# [What you need to do]
The needed output is the run of lines below from the one containing "931 ARLINGTON AVENUE" through the one containing "2020 Civic EX", copied exactly and free of pictures.

# [Data shown]
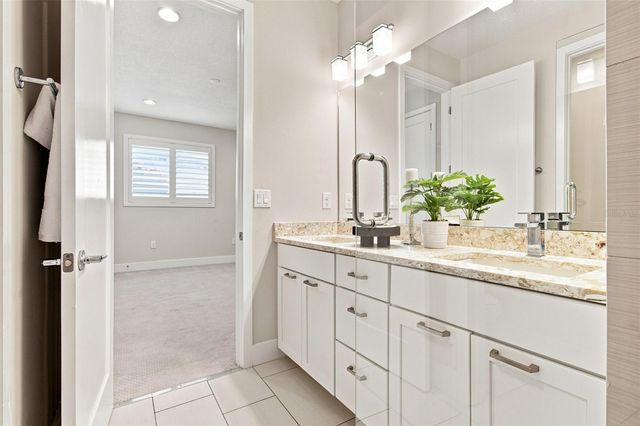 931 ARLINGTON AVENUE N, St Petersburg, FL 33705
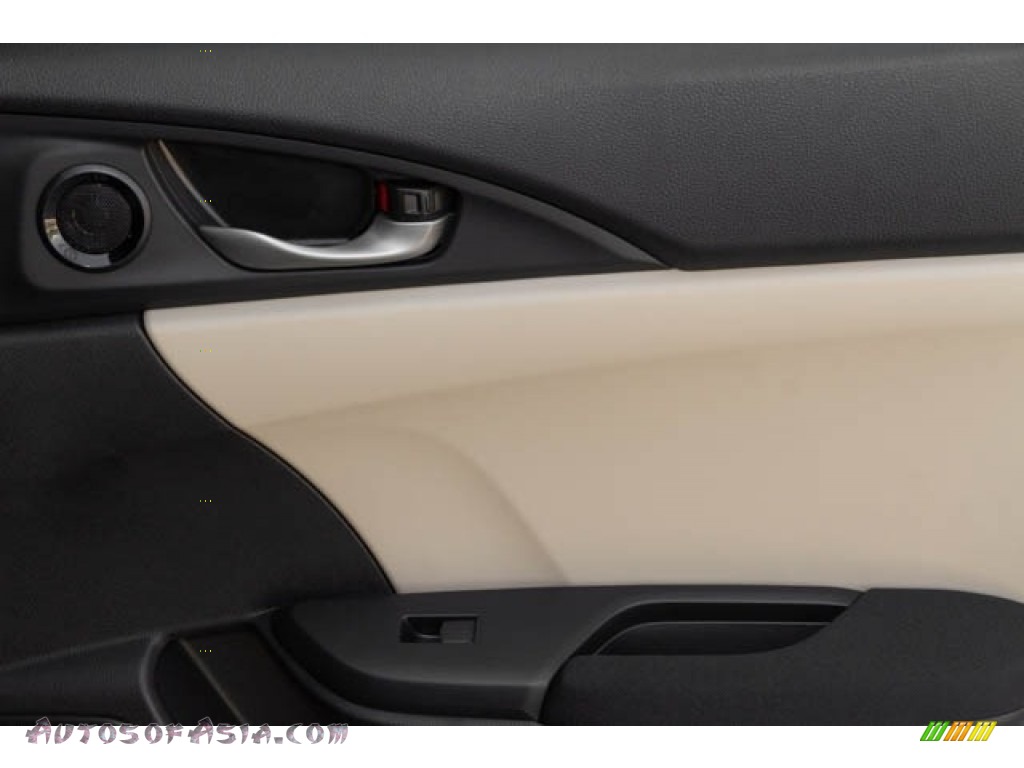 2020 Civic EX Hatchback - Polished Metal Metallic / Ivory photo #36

--

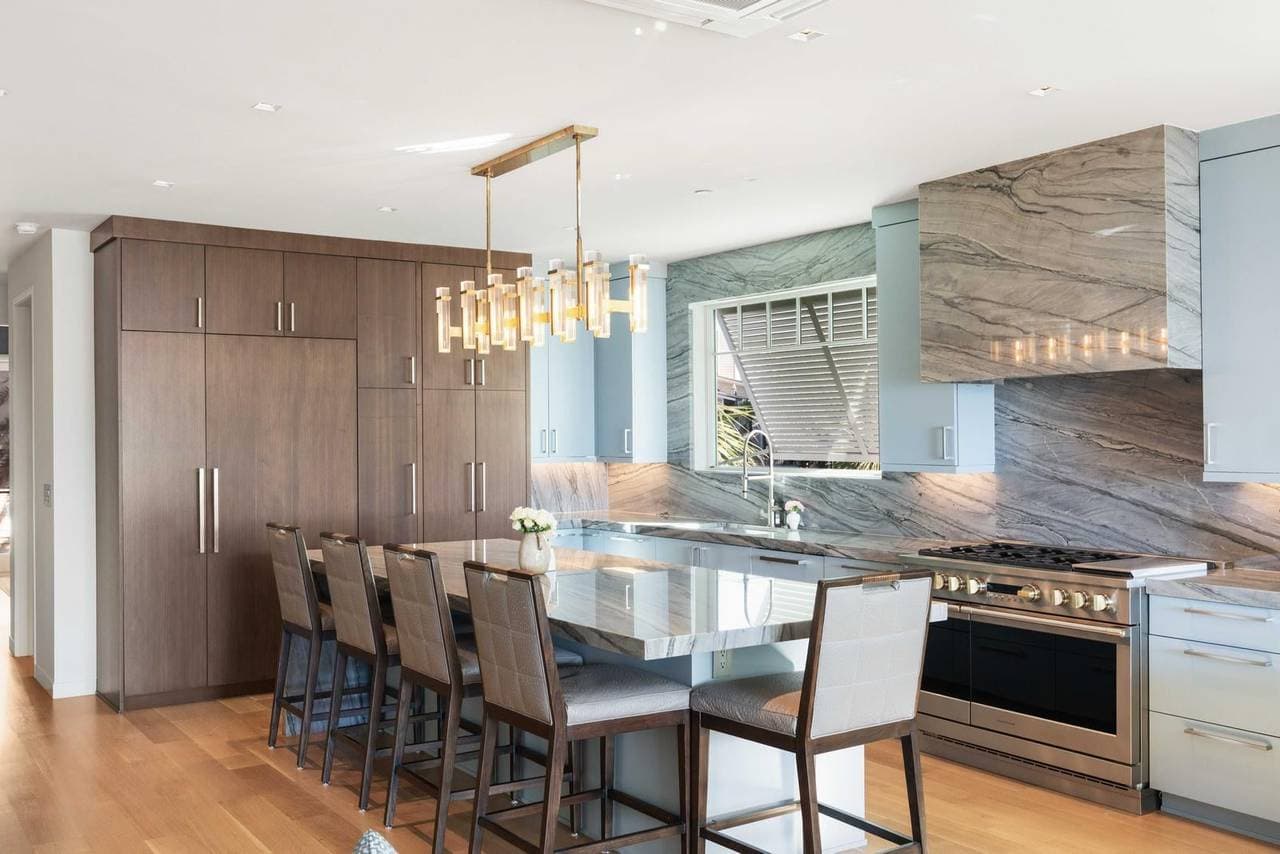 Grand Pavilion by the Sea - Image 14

==

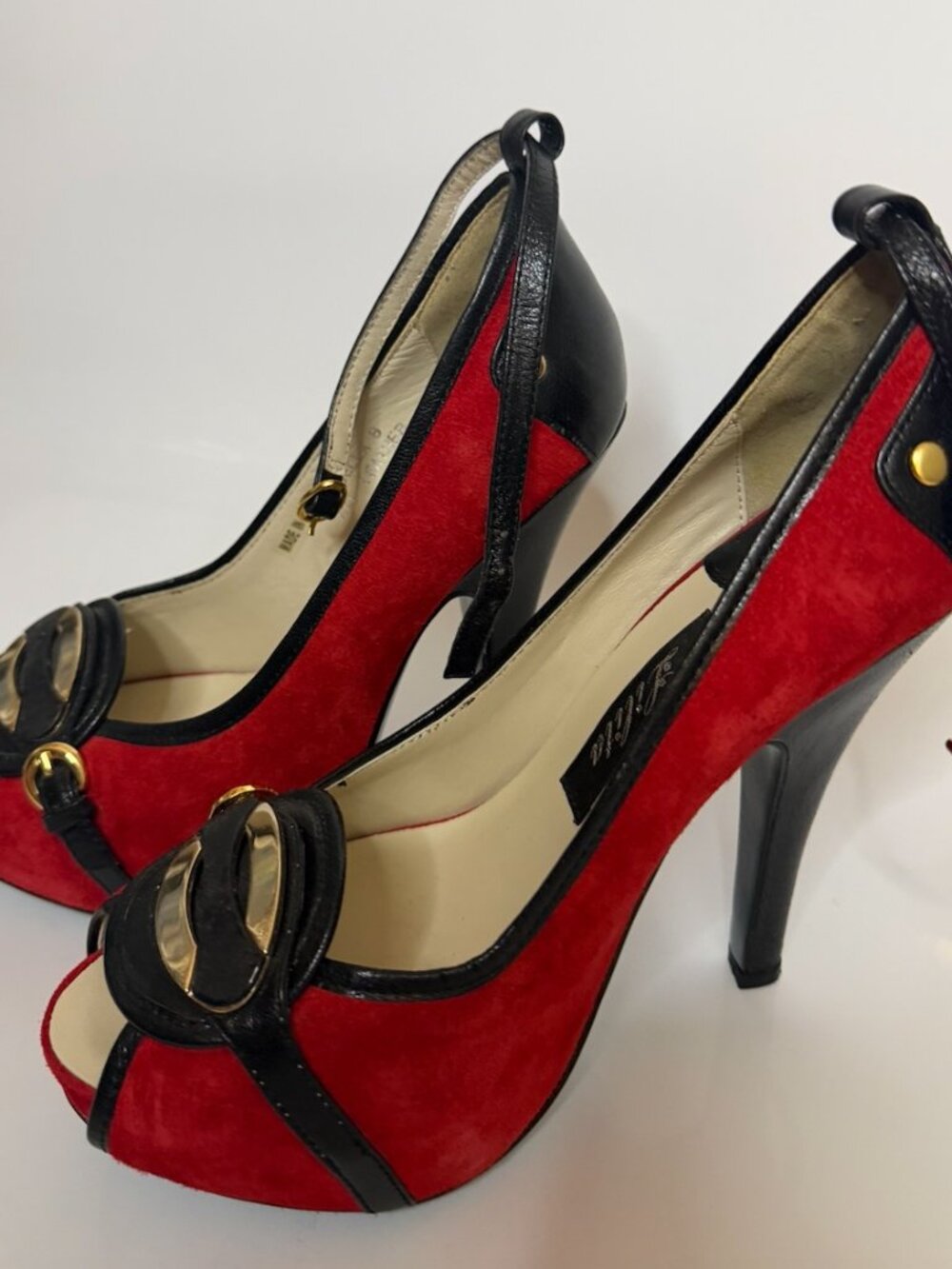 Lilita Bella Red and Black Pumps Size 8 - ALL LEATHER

# [Exercise response]
 931 ARLINGTON AVENUE N, St Petersburg, FL 33705
 2020 Civic EX Hatchback - Polished Metal Metallic / Ivory photo #36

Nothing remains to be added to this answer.